My visit to Madras was the more significant of my two visits: both in terms of time spent and in the mental department. And several items seemed to excite the now ever-sensitive blog-antennae.

M's the word
In the whole name-mangling that would've excited your avid C++ compiler that happened to some of our major cities in the late 90s, Madras became Chennai. I've never adjusted to the new names of Mumbai & Madras: that's the personal preference. But I'm not completely able to draw a parallel between these two of my foster-cities, for I find a great number of native Mumbaikars or Maharashtrians that did refer to Bombay by the un-Anglicised version even before the change. So in that respect, it was a more ambivalent change to make. Whereas, though Madras was always Chennai in the DD news bulletins when I was living there, to the common tongue, it remained Madras, the opening word in a childish joke that wedded Calcutta after it to produce 3 not-so-polite words. And the point is: it still is Madras for the folks there and can't claim to have been adopted by too many. And the lack of an Amman Sena organization to espouse this nomenclatural cause there means there is not much energy wasted on a non-issue. I have seen non-Madras people easily slipping the C-word into their tongues, but I haven't seen the Chennai-karan taking to be anything else than a Madrasi.

Triply-cane, anybody?
Triply, because three things seemed glaringly, and pleasantly, different on this trip: the water, the autos and the sweat. The first by its presence, the last by its absence and the middle by its willingness to adopt common sense.
Live in Madras for a while and you'll understand why 2 atoms of Hydrogen and 1 of Oxygen can provide a reason for strife, for fasting and can sustain governments. Madras must be the world's largest consumer of plastic buckets, all in iridiscent colours: all to provide the foulmouthed ladies with a colourful excuse to battle in the queue for the waterpump. The salt water may provide keen sociological insights into the bitterness of the local lingo. But this time around, a strange deluge of rain, as if all the water denied to the city in the last decade was let loose in one go, poured forth a new set of problems, much more pleasant in comparison. The sobering note in all this is that the mun. corp. don't think this is enough to keep the city from lapsing into dehydration once again, more needs to be done.

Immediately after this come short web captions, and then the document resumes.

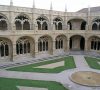 foto_lisbona_115_Mosteiro_dos_Jeronimos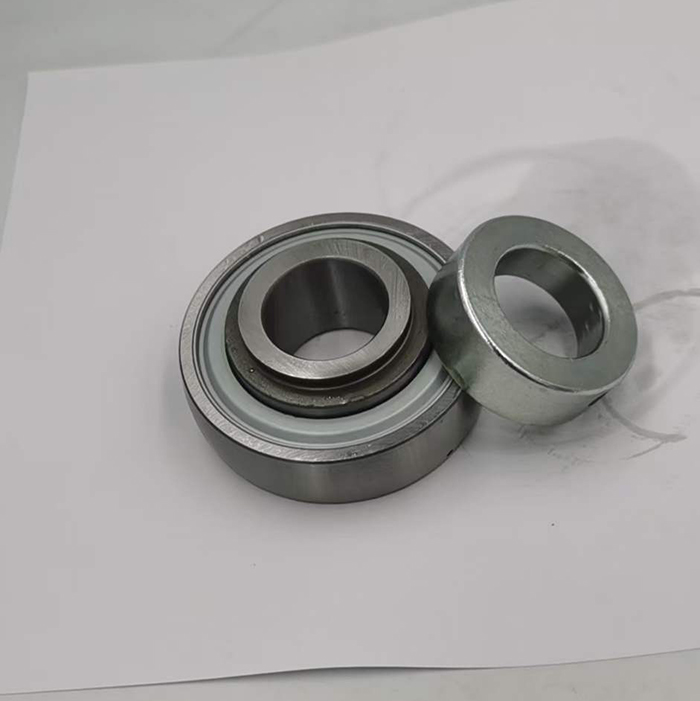 GRAE30-208NPPB bearing 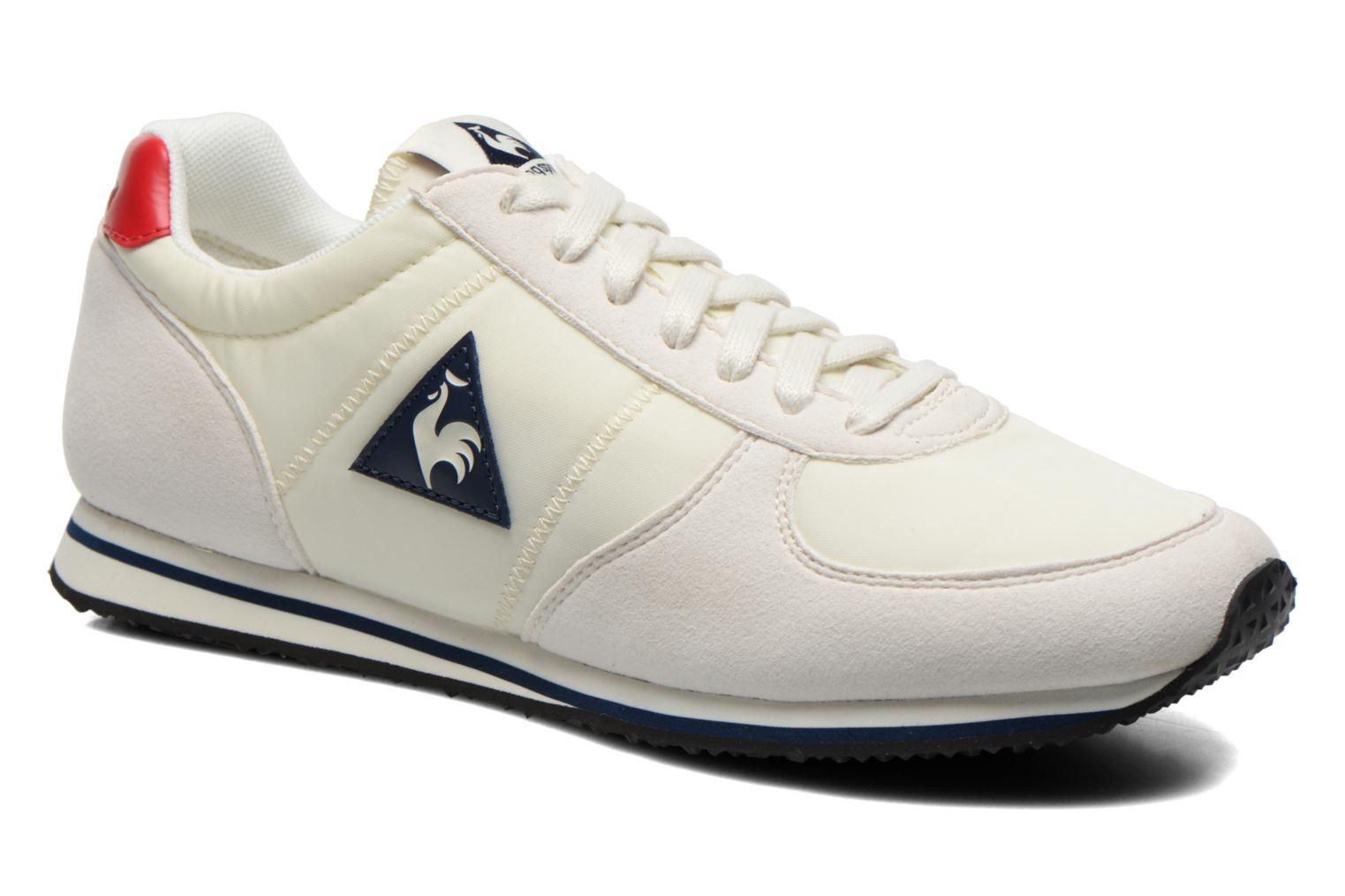 basket le coq sportif bolivar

The autos in Madras are legendary for their curmudgeonity, you need to be a Rocky of the ghettoes to battle them. It all used to centre around the pottu kudunga (give more over) business model : they ask liberally after reaching a destination. Their meters probably only serve a lesson in geography: most of them are made in the peths of Pune. But the introduction of competitors in call-taxis that have meters that actually run (and in digital mode, which automatically makes them seem impressive) means that the auto-drivers are willing to meet you halfway. It would seem familiar to fellow-watchers of MTV's One Tight Slap promos: it is as if someone waved a giant paw across the collective windshields of the bristly auto-men.

The biggest surprise was the complete un-sweatiness of the weather. I've always thought it a cruel joke by Nature that people of the city produced such copious quantities of salt-water when surrounded by even more massive and unusable quantities in various degrees. I'm talking particularly about the sweat that used to pour off even in one's most inactive positions. Perhaps there is a well-to-do meteorological explanation for the current blissful state, but I was too scared to ask, lest I disturb some fragile balance in an act of Heisenbergian measurement. Everyone's probably wanting to enjoy it while it lasts. The only time I can remember that I sweated in the inert state was in the departing train stationed on the 3rd platform at Central. Just a warning to check the euphoria, probably.